** Opening ENTRIES SHOWN block **

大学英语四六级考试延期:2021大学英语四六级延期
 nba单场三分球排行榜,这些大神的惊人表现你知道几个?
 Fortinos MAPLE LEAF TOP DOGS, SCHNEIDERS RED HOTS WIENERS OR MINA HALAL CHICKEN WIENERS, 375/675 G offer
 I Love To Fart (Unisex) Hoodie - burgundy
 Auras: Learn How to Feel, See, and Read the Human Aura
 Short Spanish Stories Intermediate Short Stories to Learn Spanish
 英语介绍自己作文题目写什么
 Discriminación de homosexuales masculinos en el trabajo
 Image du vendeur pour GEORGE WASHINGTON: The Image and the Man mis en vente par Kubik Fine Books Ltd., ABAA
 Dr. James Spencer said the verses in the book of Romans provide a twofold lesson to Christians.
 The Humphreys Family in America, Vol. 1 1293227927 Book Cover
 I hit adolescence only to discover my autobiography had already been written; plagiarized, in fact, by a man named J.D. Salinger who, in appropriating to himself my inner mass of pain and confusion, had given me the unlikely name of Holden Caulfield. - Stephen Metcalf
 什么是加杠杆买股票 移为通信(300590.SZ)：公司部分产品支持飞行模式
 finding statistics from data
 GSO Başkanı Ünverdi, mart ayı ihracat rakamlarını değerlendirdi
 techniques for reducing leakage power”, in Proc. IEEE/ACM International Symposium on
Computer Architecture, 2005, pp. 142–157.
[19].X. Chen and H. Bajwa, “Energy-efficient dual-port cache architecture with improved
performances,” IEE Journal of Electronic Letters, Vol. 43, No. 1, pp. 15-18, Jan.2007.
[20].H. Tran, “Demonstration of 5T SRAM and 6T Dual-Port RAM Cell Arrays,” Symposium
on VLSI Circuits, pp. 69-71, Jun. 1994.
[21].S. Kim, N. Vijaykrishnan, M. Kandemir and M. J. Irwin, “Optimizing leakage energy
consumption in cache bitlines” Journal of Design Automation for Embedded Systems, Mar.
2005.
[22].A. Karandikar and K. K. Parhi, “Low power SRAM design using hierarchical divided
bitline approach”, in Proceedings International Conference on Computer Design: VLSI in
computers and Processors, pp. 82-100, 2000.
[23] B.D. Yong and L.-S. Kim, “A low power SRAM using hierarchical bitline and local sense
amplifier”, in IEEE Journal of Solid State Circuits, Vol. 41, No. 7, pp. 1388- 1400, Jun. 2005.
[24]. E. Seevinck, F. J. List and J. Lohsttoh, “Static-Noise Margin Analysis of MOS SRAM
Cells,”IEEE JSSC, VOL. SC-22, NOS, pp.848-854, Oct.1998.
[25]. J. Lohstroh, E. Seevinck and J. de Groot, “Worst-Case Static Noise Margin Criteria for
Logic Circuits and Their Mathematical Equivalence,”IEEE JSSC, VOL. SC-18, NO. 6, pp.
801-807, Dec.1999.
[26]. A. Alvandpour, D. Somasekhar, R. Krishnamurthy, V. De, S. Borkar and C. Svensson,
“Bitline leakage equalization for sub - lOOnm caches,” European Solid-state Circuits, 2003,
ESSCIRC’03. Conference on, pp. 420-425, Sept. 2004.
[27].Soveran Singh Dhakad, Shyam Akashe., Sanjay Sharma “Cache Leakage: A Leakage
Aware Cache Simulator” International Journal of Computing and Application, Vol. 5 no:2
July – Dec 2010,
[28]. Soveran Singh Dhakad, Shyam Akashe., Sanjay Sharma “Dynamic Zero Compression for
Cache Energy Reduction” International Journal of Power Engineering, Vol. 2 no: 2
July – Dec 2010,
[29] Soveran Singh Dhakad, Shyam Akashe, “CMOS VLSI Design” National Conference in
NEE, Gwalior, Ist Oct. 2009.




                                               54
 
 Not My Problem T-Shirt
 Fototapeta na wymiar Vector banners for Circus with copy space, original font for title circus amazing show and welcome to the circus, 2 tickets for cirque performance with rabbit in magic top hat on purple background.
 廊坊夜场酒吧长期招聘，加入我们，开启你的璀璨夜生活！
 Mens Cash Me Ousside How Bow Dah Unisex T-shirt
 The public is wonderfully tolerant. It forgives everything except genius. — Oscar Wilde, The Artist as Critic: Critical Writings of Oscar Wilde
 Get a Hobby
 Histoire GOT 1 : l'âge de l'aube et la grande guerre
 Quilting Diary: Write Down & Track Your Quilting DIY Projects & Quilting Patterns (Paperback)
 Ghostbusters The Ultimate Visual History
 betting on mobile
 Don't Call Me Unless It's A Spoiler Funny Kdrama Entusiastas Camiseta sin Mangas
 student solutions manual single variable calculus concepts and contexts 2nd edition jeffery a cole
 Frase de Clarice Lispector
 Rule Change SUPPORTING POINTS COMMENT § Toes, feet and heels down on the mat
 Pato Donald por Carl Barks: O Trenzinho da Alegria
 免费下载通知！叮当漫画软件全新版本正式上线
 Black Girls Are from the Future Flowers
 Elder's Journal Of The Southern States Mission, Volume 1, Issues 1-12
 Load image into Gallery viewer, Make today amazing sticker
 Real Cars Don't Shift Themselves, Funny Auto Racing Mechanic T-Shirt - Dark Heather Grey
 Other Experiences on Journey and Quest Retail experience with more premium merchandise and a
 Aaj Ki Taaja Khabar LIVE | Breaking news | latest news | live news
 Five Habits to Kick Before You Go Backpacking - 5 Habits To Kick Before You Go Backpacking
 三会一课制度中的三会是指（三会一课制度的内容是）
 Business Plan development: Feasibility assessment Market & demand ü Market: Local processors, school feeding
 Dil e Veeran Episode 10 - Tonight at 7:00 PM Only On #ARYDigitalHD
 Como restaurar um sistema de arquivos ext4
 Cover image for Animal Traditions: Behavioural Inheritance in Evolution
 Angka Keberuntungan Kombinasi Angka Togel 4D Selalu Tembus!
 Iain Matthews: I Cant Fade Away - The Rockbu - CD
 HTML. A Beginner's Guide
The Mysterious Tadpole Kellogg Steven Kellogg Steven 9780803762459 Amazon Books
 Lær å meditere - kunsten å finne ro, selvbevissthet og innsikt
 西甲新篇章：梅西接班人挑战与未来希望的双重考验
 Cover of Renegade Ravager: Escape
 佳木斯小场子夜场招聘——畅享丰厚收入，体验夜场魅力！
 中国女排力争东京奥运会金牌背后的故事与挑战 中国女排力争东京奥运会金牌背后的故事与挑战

** Closing ENTRIES SHOWN block **

Could you write out, unchanged, the line with "The Mysterious Tadpole" and every line after it in the data above?

** RESPONSE BOX **
The Mysterious Tadpole Kellogg Steven Kellogg Steven 9780803762459 Amazon Books
 Lær å meditere - kunsten å finne ro, selvbevissthet og innsikt
 西甲新篇章：梅西接班人挑战与未来希望的双重考验
 Cover of Renegade Ravager: Escape
 佳木斯小场子夜场招聘——畅享丰厚收入，体验夜场魅力！
 中国女排力争东京奥运会金牌背后的故事与挑战 中国女排力争东京奥运会金牌背后的故事与挑战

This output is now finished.